Haji’s family, still searching for him, discover their whereabouts through the documentary. Qayyum and Ghaffar travel to bring him back—but tragedy strikes when Qayyum dies in a road accident. The family returns to Lahore, bringing Qayyum’s body home, finally reunited but marked by both sorrow and a deeper understanding of love, sacrifice, and family.

== Cast ==
=== Main ===
- Mohammed Ehteshamuddin as Haji Mushtaq: Barbeena's husband
- Sabeena Farooq as Barbeena: Haji Mushtaq's wife
- Nadia Afgan as Shamin: in love with Haji Mushtaq
=== Supporting ===
- Adnan Shah Tipu as Chaudhry Qayyum : Haji Mushtaq's younger brother.
- Munazzah Arif as Zubaida : Qayyum's wife.
- Fajjar Khan as Ayesha : Qayyum's eldest daughter.
- Momina Faiq Bajwa as Rimsha : Qayyum's younger daughter.
- Haseeb Khan as Zakir : Kulsoom's husband.
- Farzana Taheem as Kulsoom : Haji Mushtaq's elder sister.
- Raima Khan as Chammo: Haji Mushtaq's sister and Ghaffar Butt's wife.
- Saqib Sumeer as Ghaffar Butt: Chammo's husband.
- Umer Dar as Inspector Ilyas.
- Abdullah Farhatullah as Baran Afghani: Barbeena's ex-husband.
- Faiz Chauhan as Hayat : Hajra's father; businessman.
- Naina as Hajra : Haji Mushtaq and Barbeena's landlord.
- Sikandar Nawaz as Asad : Hajra's husband.

== Production==
===Development===
In February 2021, Kashif Nisar revealed that her upcoming series is about the relationship of two individuals who have a language barrier. Nadia Afgan was selected to portray one of the pivotal role. Nisar offered the role of Kulsoom to her, but she ended up playing the role of Shamim.

===Broadcast===
The series premier its first episode on 11 July 2023 airing weekly on Tuesday at 20:00 PST on Green Entertainment.It is based on 19 episodes with 35–40 minutes running time.

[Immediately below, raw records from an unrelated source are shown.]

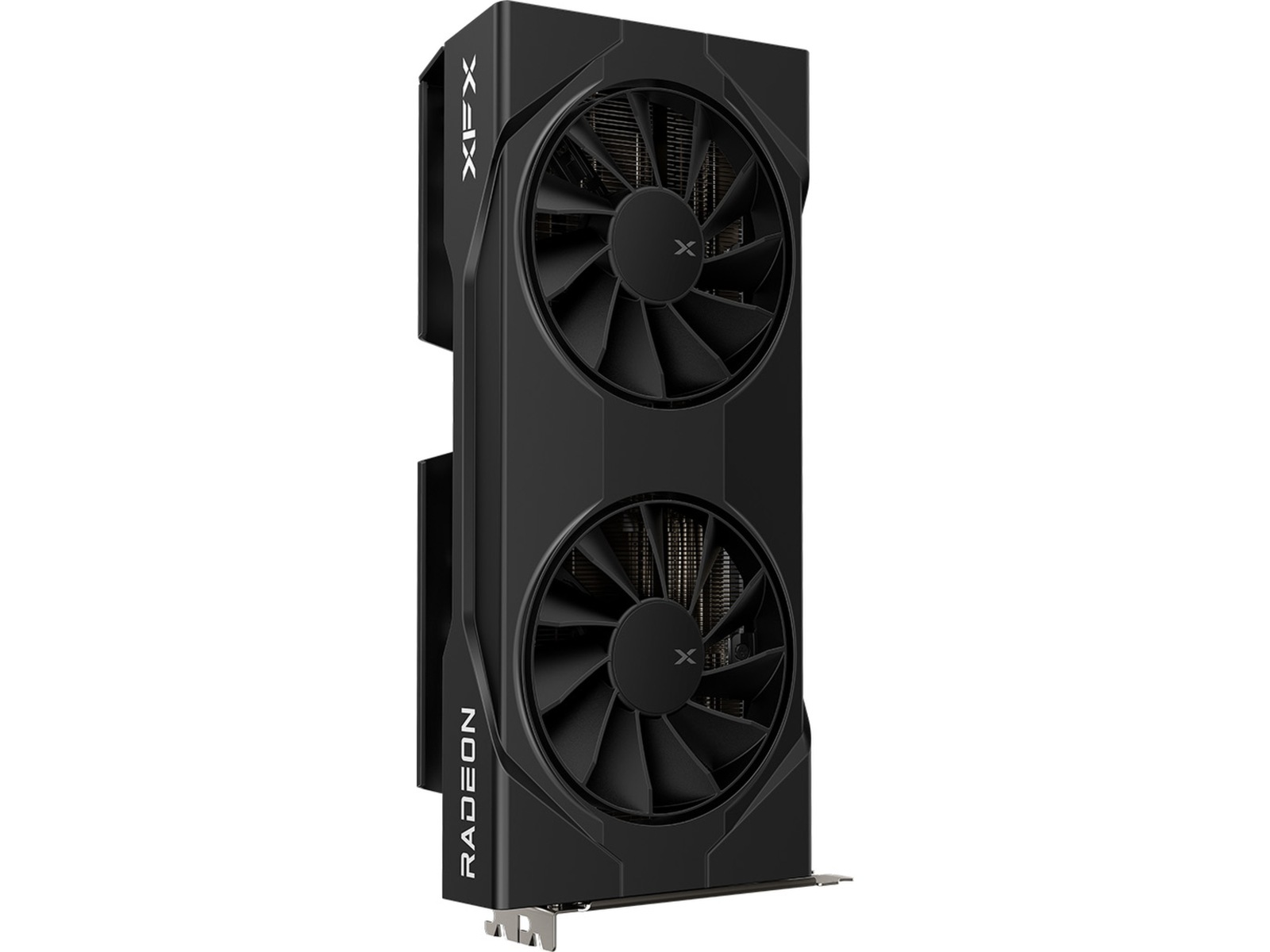 XFX Swift AMD Radeon RX 9060 XT OC Gaming Skjermkort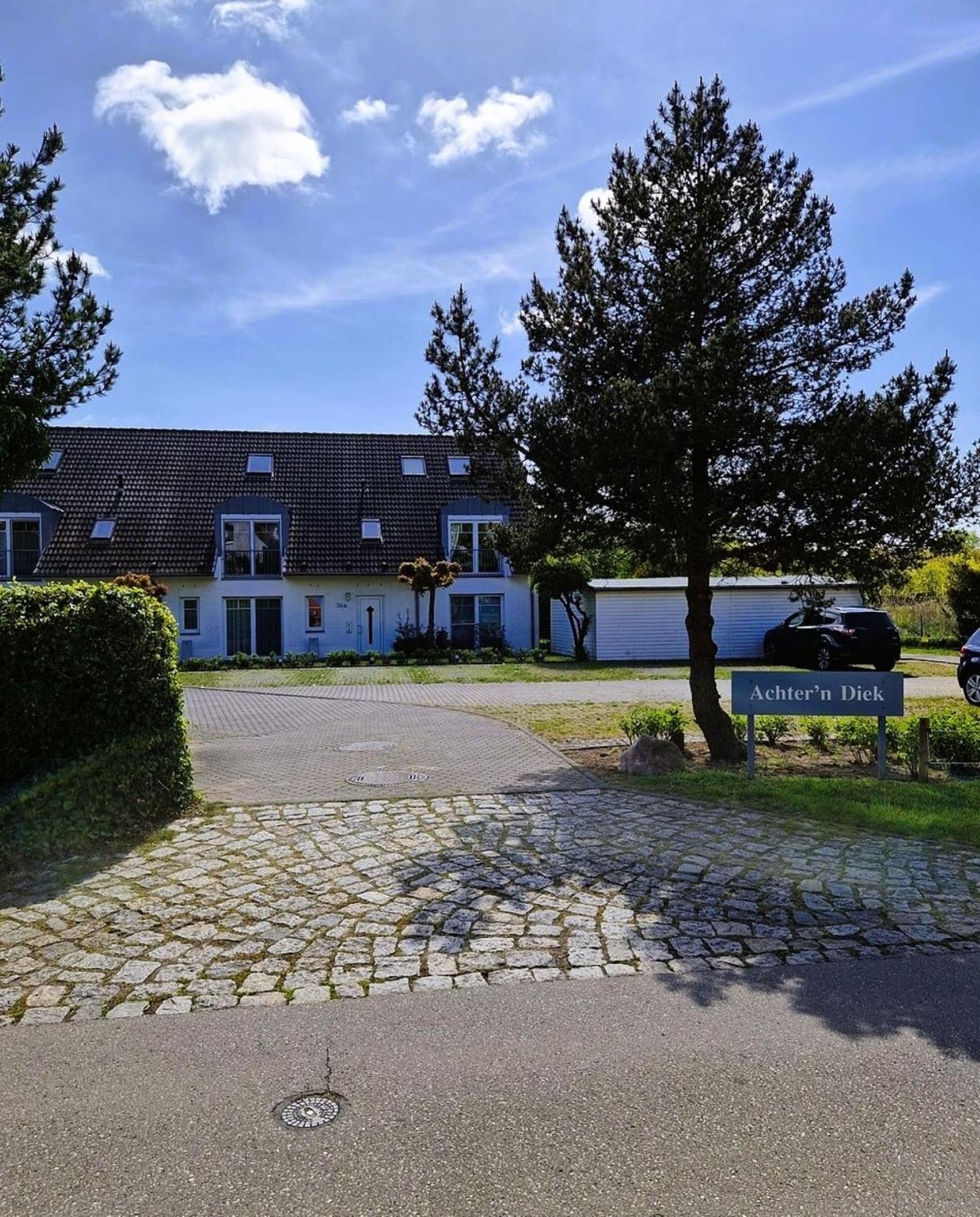 Darsser Weg 38a Zingst Eksteriør bilde
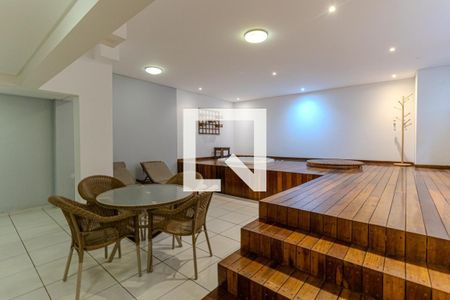 Studio à venda com 28m², 1 quarto e sem vaga Studio à venda com 28m², 1 quarto e sem vagaSpa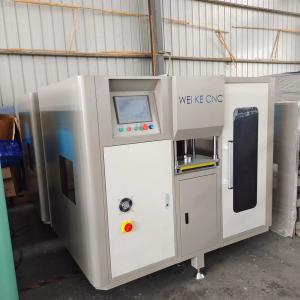 CNC Aluminium End Milling Machine Aluminium Windows Door Manufacturing Machine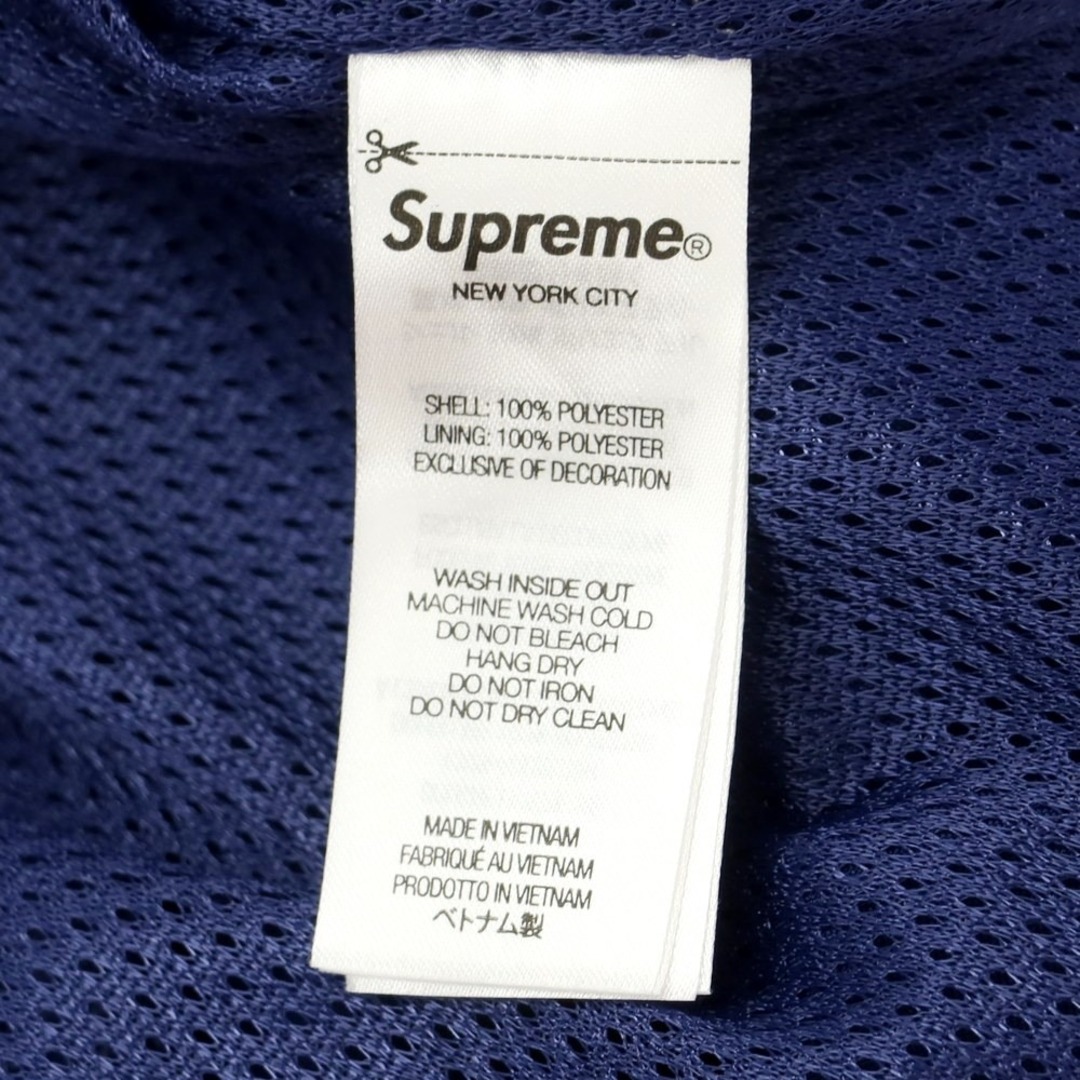 Supreme - 【中古】シュプリーム Supreme 2024年春夏 Satin Supreme - 【中古】シュプリーム Supreme 2024年春夏 Satin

The series broadcast in India by Zindagi premiering on 11 November 2023, thus becoming the first ever Pakistani TV series with a simultaneous foreign broadcast.

== Soundtrack ==

The original soundtrack "Ankhain" was released in May 2023. It was performed by Rahat Fateh Ali Khan, music was composed by Sahir Ali Bagga and lyrics were penned by Imran Raza. The OST gained 100 million views on digital platforms of the network within 2 weeks.

== Reception ==
In a review by the Dawn, Sadaf Haider praised the series for the performances of several actors particularly Ehteshamuddin and Nadia Afgan, characterisation and Nisar's direction. Foha Raza of DAWN Images praised it for its realistic characters and themes such as emotional support, depiction of evolving relationships and judgment on looks.

In the year-end articles, The Express Tribune praised the script for the portrayal of unconventional saga of love and focusing the refugees, while Dawn Images noted its main theme and the performances of the leads.